Swiss diplomats are juggling with planning for the July 4 and 5 reconstructing Ukraine conference in Lugano, the upcoming presence of Switzerland on the UN Security Council and finding an institutional agreement with the European Union. The three represent major challenges to traditional Swiss neutrality as well as work overload.
The three challenges also pose possibilities for Switzerland to be more present in international diplomacy. Beyond merely hosting summits such as Biden-Putin or conferences like the recent WTO and ILO Ministerial meetings, the three could energize a more active Swiss foreign policy.
The Lugano conference is an opportunity to launch the reconstruction of Ukraine. Some 1000 diplomats and state officials are expected to attend. Conceived before the February 24 Russian invasion, the conference now takes on added meaning, including the presence of Ursula von der Leyden, president of the European Commission.
The search for peace and its relation to Swiss neutrality was at the heart of the Swiss national debate over its bid to be a non-permanent member of the UN Security Council. While the conference on Ukrainian reconstruction is more a humanitarian enterprise, membership in the Security Council is not.
In May 2022, the Swiss executive published a list of four priorities if Switzerland was awarded non-permanent member status. They were peace-building and conflict prevention, humanitarian protection, climate security and reforms of the Security Council itself. The war in Ukraine has taken a toll on the Security Council with Russia’s veto on peace in Ukraine highlighting polarization.
Switzerland’s role on the Security Council should also focus Bern’s attention on International Geneva with its Maison de la Paix and three centers closely linked to the Swiss government.
Another positive aspect of the Swiss UN role will be to extend the foreign ministry’s vision beyond Europe. In May 2021, Switzerland broke off negotiations with the EU after seven years of futile efforts to agree on a treaty to replace over 120 bilateral agreements.
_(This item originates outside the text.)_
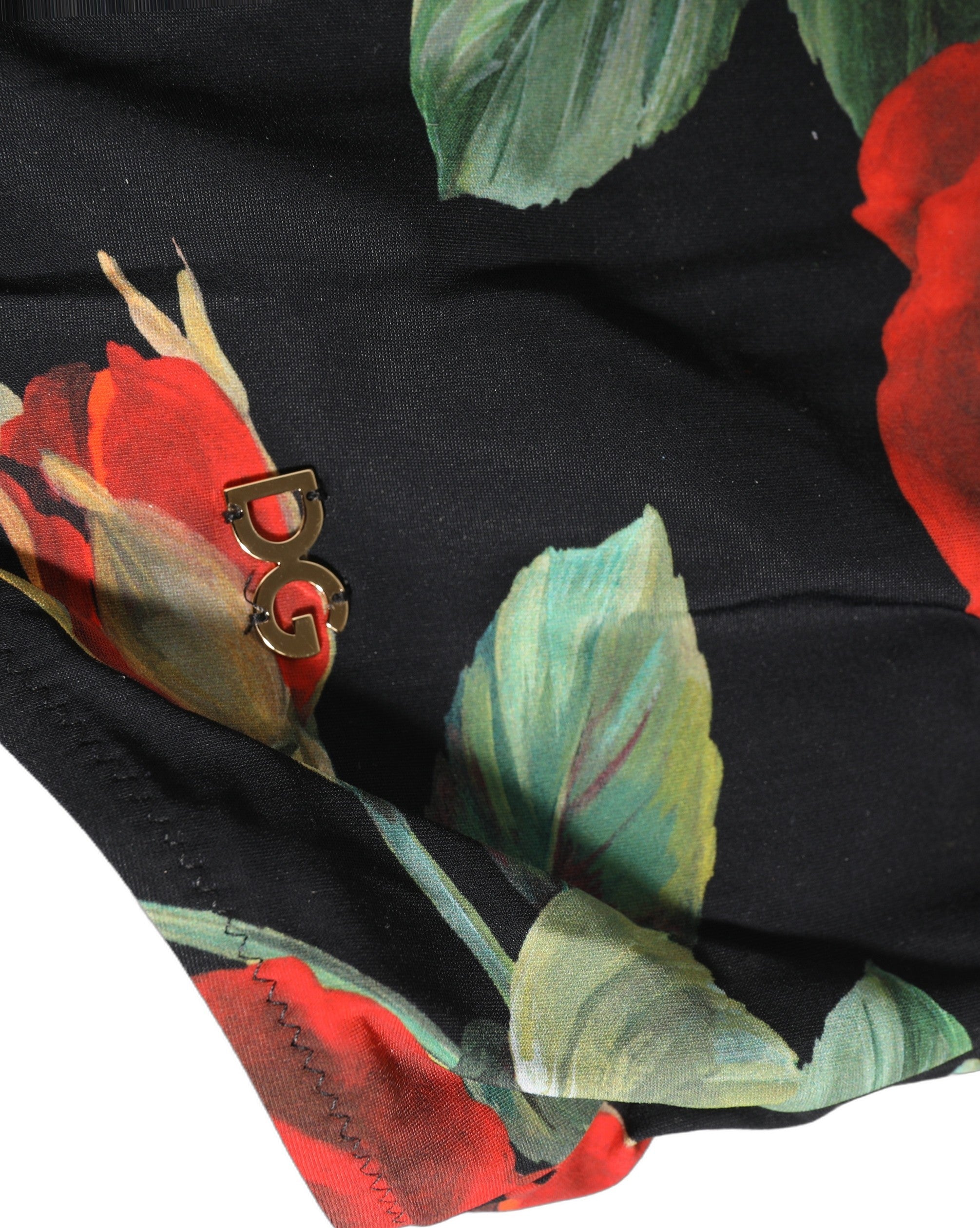 Dolce & Gabbana Black Floral Print One Piece Swimsuit Swimwear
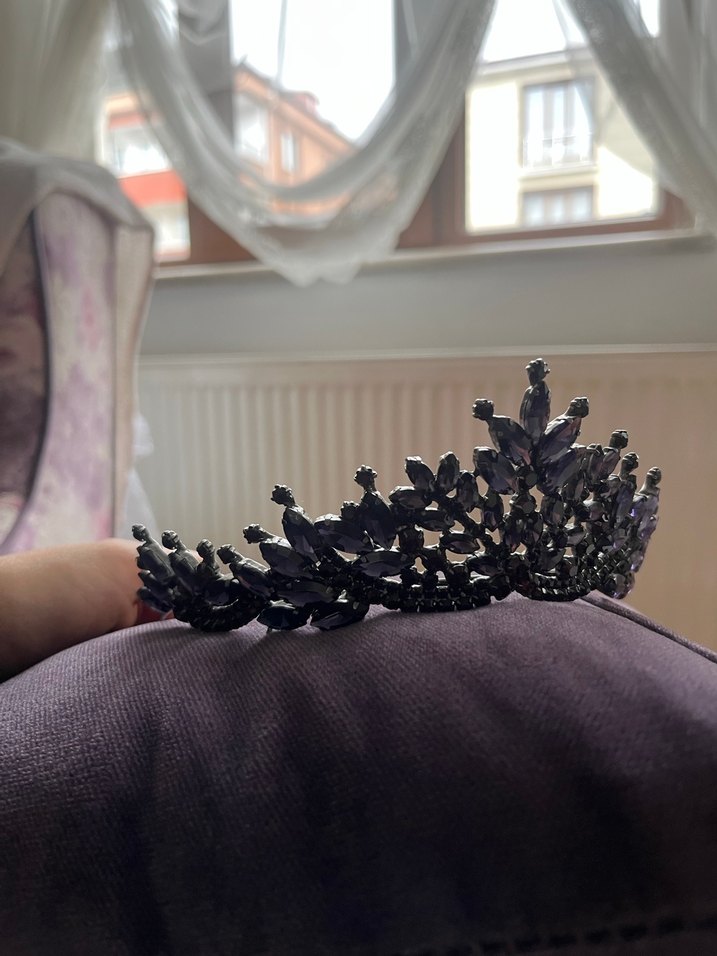 Mor Boncuklu Saç Tacı/ nişan tacı gelin tacı - Görsel 5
Since talks with the EU are bogged down, Switzerland must now look beyond Europe and more globally from the Security Council perspective.
Lugano, New York, Brussels: Swiss diplomats are acting on three major fronts. Besides the obvious question about the relationship between the three and Swiss neutrality, the next obvious question is about the Swiss capacity to deal with all three at the same time.
Can a relatively small foreign ministry cope? Most importantly, the current situation demands that Switzerland play an increased role in international politics. Passive neutrality is no longer acceptable for a country soon to be seated at the world’s highest diplomatic table in New York.